In another embodiment of the invention, the two electrodes 22, 24 are coplanar as shown in FIG. 2. In this case, the sample chamber 26 is in contact with both electrodes and is bounded on the side opposite the electrodes by a non-conducting inert base 30. Suitable materials for the inert base include non-conducting materials such as polyester.

Other configurations of the inventive sensors are also possible. For example, the two electrodes may be formed on surfaces that make an angle to each other. One such configuration would have the electrodes on surfaces that form a right angle. Another possible configuration has the electrodes on a curved surface such as the interior of a tube. The working and counter electrodes may be arranged so that they face each other from opposite sides of the tube. This is another example of a facing electrode pair. Alternatively, the electrodes may be placed near each other on the tube wall (e.g., one on top of the other or side-by-side).

In any configuration, the two electrodes must be configured so that they do not make direct electrical contact with each other, to prevent shorting of the electrochemical sensor. This may be difficult to avoid when the facing electrodes are separated, over the average, by no more than about 100 μm.

A spacer 28 can be used to keep the electrodes apart when the electrodes face each other as depicted in FIGS. 1 and 3. The spacer is typically constructed from an inert non-conducting material such as pressure-sensitive adhesive, polyester, Mylar™, Kevlar™ or any other strong, thin polymer film, or, alternatively, a thin polymer film such as a Teflon™ film, chosen for its chemical inertness. In addition to preventing contact between the electrodes, the spacer 28 often functions as a portion of the boundary for the sample chamber 26 as shown in FIGS. 1-4. Other spacers include layers of adhesive and double-sided adhesive tape (e.g., a carrier film with adhesive on opposing sides of the film).

Sample Chamber

The sample chamber 26 is typically defined by a combination of the electrodes 22, 24, an inert base 30, and a spacer 28 as shown in FIGS. 1-4. A measurement zone is contained within this sample chamber and is the region of the sample chamber that contains only that portion of the sample that is interrogated during the analyte assay. In the embodiment of the invention illustrated in FIGS. 1 and 2, sample chamber 26 is the space between the two electrodes 22, 24 and/or the inert base 30. In this embodiment, the sample chamber has a volume that is preferably no more than about 1 μL, more preferably no more than about 0.5 μL, and most preferably no more than about 0.25 μL. In the embodiment of the invention depicted in FIGS. 1 and 2, the measurement zone has a volume that is approximately equal to the volume of the sample chamber. In a preferred embodiment the measurement zone includes 80% of the sample chamber, 90% in a more preferred embodiment, and about 100% in a most preferred embodiment.

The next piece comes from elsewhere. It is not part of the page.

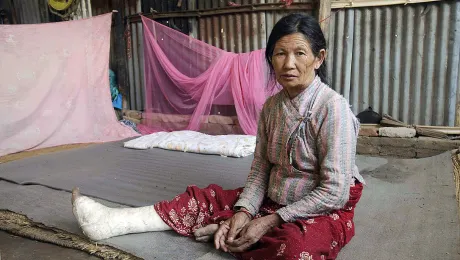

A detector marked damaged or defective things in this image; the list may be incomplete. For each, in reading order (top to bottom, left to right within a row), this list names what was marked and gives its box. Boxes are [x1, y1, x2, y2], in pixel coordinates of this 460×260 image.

In another embodiment of the invention, shown in FIG. 3, sample chamber 26 includes much more space than the region proximate electrodes 22, 24. This configuration makes it possible to provide multiple electrodes in contact with one or more sample chambers, as shown in FIG. 5. In this embodiment, sample chamber 26 is preferably sized to contain a volume of no more than about 1 μL, more preferably no more than about 0.5 μL, and most preferably no more than about 0.25 μL. The measurement zone (i.e., the region containing the volume of sample to be interrogated) is generally sized to contain a volume of sample of no more than about 1 μL, preferably no more than about 0.5 μL, more preferably no more than about 0.25 μL, and most preferably no more than about 0.1 μL. One particularly useful configuration of this embodiment positions working electrode 22 and counter electrode 24 facing each other, as shown in FIG. 3. In this embodiment, the measurement zone, corresponding to the region containing the portion of the sample which will be interrogated, is the portion of sample chamber 26 bounded by the working surface of the working electrode and disposed between the two facing electrodes.

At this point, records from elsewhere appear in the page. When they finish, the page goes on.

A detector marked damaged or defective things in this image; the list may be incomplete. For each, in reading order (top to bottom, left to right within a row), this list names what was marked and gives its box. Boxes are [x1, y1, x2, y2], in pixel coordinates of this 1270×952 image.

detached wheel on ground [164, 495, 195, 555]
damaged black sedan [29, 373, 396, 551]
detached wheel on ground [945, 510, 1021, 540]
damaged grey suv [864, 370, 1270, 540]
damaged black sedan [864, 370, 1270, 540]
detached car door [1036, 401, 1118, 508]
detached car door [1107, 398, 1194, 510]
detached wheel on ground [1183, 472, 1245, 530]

In both of the embodiments discussed above, the thickness of the sample chamber and of the measurement zone correspond typically to the thickness of spacer 28 (e.g., the distance between the electrodes in FIGS. 1 and 3, or the distance between the electrodes and the inert base in FIG. 2). The spacer may be, for example, an adhesive or double-sided adhesive tape or film. Preferably, this thickness is small to promote rapid electrolysis of the analyte, as more of the sample will be in contact with the electrode surface for a given sample volume. In addition, a thin sample chamber helps to reduce errors from diffusion of analyte into the measurement zone from other portions of the sample chamber during the analyte assay, because diffusion time is long relative to the measurement time. Typically, the thickness of the sample chamber is no more than about 0.2 mm. Preferably, the thickness of the sample chamber is no more than about 0.1 mm and, more preferably, the thickness of the sample chamber is about 0.05 mm or less.

The sample chamber may be formed by other methods. Exemplary methods include embossing, indenting, or otherwise forming a recess in a substrate within which either the working electrode 22 or counter electrode 24 is formed. FIGS. 12A and 12B illustrate one embodiment of this structure. First, a conducting layer 100 is formed on an inert non-conducting base material 102. As described above, the conducting layer 100 can include gold, carbon, platinum, ruthenium dioxide, palladium, or other non-corroding materials. The inert non-conducting base material 102 can be made using a polyester, other polymers, or other non-conducting, deformable materials. A recess 104 is then formed in a region of the non-conducting base material 102 so that at least a portion of the conducting layer 100 is included in the recess 104. The recess 104 may be formed using a variety of techniques including indenting, deforming, or otherwise pushing in the base material 102. One additional exemplary method for forming the recess includes embossing the base material 102. For example, the base material 102 may be brought into contact with an embossing roll or stamp having raised portions, such as punch members or channels, to form the recess 104. In some embodiments, the base material 102 may be heated to soften the material.

The recess 104 may be circular, oval, rectangular, or any other regular or irregular shape. Alternatively, the recess 104 may be formed as a channel which extends along a portion of the base material 102. The conducting layer 100 may extend along the entire channel or only a portion of the channel. The measurement zone may be restricted to a particular region within the channel by, for example, depositing the sensing layer 32 on only that portion of the conducting layer 100 within the particular region of the channel. Alternatively, the measurement zone may be defined by placing a second electrode 107 over only the desired region of the first electrode 105.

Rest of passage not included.